Our friends at Training Ground Guru spotted the sort of 11-word certainty that can only find a home on Twitter: “Let’s be blunt and honest: Tahith Chong is not very good.” Well. There but for the grace of ESPN General Editor Alex Shaw goes Chelsea youth themselves.
To his credit, Shaw engaged with Training Ground Guru and talked himself into a more nuanced and less definitive statement provided by a different respondent: Chong is the least ready of Manchester United’s current crop of youth players playing with the first team. It may not have the snappy clickability of his first attempt, but the addition of one word makes a significant difference: ready.

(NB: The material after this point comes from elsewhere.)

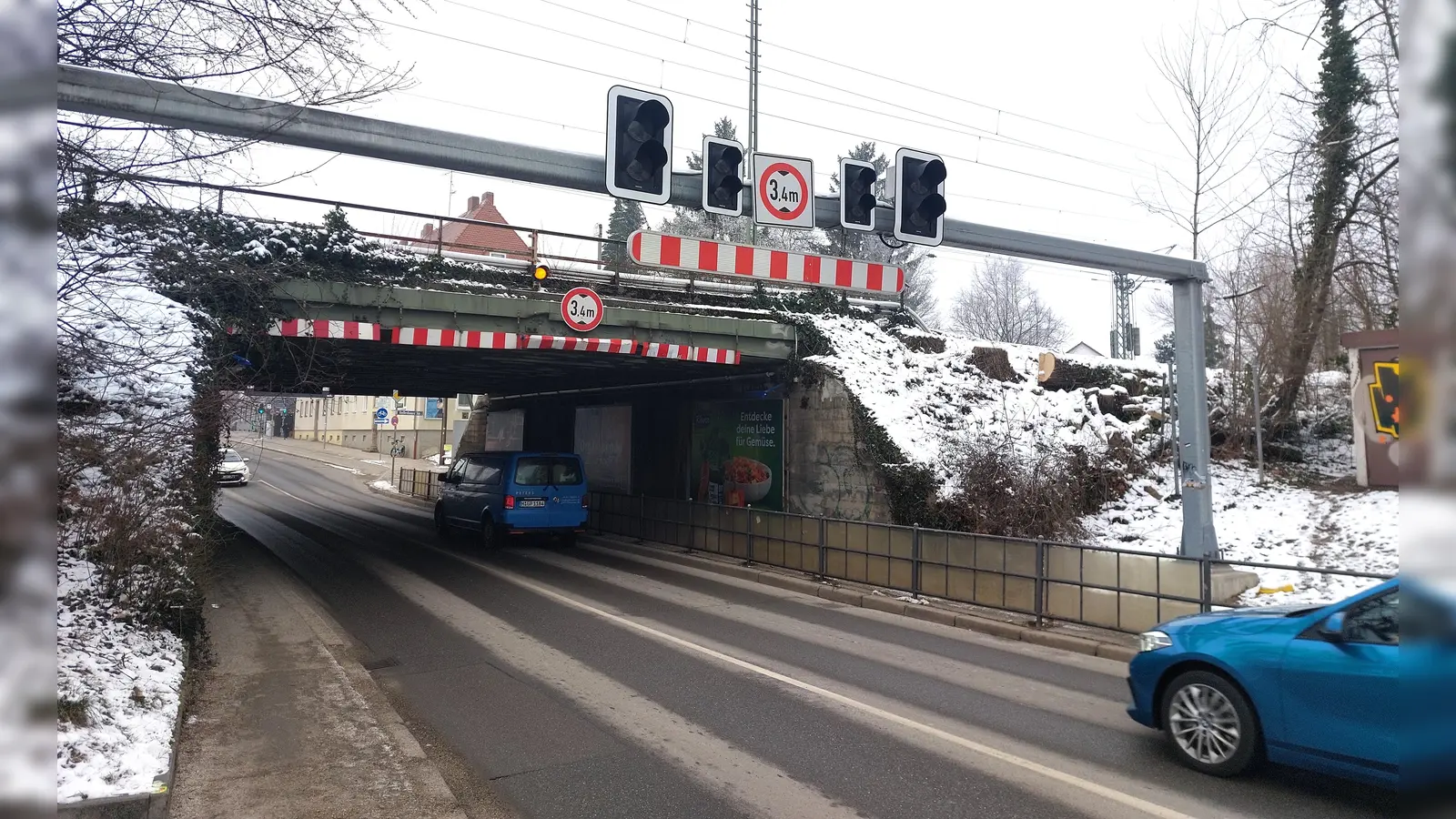 3,40 Meter Durchfahrtshöhe waren für manche zu niedrig: Immer wieder blieben an der Bahnbrücke in der Dachauer Straße Fahrzeuge hängen, teilweise wurden Personen verletzt. Künftig wird die Brücke 4,50 Meter hoch sein. (Foto: bas)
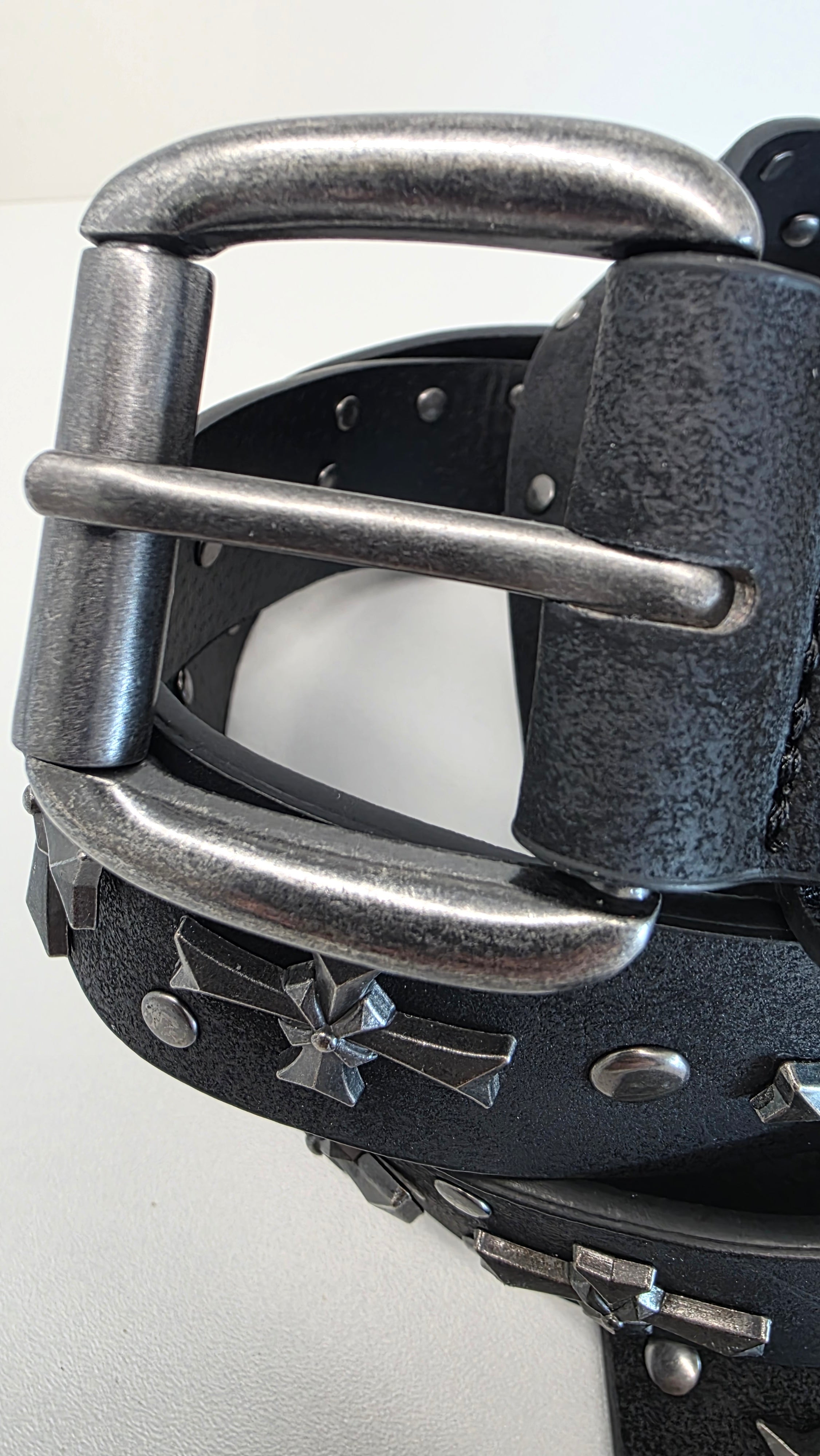Ceinture noire robuste et épaisse, croix et clous rivetés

Very few 19-year olds are ready to play with a top tier first team, and even fewer with a top-six first team. The fact that it attracts so much attention when a player under the age of 21 is a regular in the starting XI is evidence of how few players are, in fact, ready at that age. If Reece James or Callum Hudson-Odoi were 25, there would be a lot less interest in the impending battle with Cesar Azpilicueta or the bevy of transfer rumours and contract negotiations, respectively.
Frank Lampard has enough senior players available to him that he could field a much older starting XI. But even though Lampard has decided his young players should be starting over the more experienced ones does not mean they should be assessed on the same terms and against the same benchmarks as those older ones.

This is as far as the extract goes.